There are some strange happenings in Big Ten hockey this season, happenings that don’t appear to bode well for the league in the NCAA tournament.
While three B1G teams are in the top 16 of the PairWise Rankings, only Michigan is in the top 10. Penn State has dropped to No. 15 and Minnesota has risen to a tie for No. 16, but we know that those bubble positions mean very little come tournament time, given the upsets that may occur and the awarding of six separate autobids for conference playoff championships.
Last season, the Big Ten had one representative in the NCAA tournament, Minnesota, and the Golden Gophers folded in their first game to Minnesota-Duluth 4-1. Last season, the Big Ten was perceived as having a down year.

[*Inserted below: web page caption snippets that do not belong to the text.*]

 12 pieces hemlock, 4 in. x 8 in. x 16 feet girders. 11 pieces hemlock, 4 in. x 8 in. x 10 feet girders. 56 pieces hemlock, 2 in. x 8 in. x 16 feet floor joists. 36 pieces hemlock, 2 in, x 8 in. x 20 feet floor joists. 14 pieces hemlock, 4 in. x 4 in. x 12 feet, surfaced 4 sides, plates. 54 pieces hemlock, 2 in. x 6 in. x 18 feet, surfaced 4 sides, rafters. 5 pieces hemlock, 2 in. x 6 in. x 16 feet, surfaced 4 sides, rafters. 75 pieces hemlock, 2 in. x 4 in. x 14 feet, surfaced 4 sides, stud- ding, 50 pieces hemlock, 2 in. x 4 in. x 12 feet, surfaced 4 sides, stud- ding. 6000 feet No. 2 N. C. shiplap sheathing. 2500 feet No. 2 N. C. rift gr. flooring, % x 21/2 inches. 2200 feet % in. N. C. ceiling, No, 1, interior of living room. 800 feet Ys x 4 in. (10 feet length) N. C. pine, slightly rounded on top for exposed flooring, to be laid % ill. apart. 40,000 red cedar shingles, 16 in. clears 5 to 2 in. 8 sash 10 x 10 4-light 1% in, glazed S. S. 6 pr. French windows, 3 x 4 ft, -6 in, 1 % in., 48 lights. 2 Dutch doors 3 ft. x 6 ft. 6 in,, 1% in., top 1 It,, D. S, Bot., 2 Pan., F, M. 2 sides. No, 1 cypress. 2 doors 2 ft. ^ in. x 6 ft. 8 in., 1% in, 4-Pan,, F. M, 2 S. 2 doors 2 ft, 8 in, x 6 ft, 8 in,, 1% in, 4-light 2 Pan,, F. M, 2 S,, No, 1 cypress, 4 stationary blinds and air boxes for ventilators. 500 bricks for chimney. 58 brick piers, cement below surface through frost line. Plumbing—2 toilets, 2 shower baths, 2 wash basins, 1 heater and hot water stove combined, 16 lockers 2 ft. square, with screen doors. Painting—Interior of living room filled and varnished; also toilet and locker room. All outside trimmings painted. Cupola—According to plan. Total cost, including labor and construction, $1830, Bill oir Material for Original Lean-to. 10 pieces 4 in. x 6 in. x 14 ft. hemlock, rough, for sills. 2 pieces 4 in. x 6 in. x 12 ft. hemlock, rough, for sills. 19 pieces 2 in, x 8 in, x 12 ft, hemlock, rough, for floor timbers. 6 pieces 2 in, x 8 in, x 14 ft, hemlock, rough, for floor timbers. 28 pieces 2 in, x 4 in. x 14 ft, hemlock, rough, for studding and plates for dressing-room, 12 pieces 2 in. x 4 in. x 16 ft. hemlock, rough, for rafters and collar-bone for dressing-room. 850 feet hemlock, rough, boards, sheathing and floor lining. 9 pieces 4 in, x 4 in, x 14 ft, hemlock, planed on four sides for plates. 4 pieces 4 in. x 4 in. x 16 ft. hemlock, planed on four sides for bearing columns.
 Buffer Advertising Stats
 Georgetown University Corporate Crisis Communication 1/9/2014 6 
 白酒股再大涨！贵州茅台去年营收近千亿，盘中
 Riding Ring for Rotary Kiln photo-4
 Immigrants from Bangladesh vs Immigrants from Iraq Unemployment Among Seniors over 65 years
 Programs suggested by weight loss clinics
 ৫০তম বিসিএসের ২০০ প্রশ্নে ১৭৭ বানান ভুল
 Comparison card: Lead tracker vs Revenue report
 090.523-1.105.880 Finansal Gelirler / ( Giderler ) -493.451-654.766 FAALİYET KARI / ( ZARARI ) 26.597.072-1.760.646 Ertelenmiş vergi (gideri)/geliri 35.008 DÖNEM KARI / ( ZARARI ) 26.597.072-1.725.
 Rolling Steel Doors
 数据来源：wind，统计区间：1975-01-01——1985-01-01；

So what’s going on in 2015-16? Some interesting scores, for one.
“More so than other years for sure,” Wisconsin’s Mike Eaves said in his news conference this week. “You don’t know if that’s a reflection on goaltending, play away from the puck, offensive people that we have in the league now, but … there’s been a lot of high scores.”
How high? In the past two weeks — 12 conference games in six conference series — Big Ten teams have scored 90 goals for a league average of 7.5 goals per game. Let’s compare that with three leagues that clearly have an edge on the Big Ten: Hockey East, the NCHC and ECAC Hockey.
Just this past weekend (Jan. 15-16), Hockey East played its first full weekend of conference-only action. There were 65 goals scored in those dozen games for an average of 5.42.
In NCHC conference-only play in the past two weeks — since Jan. 8 — NCHC teams scored 60 goals in 12 games for an average of 5.0, and in that same span in league ECAC teams scored 66 goals in a dozen conference games for 5.5 goals per game on average.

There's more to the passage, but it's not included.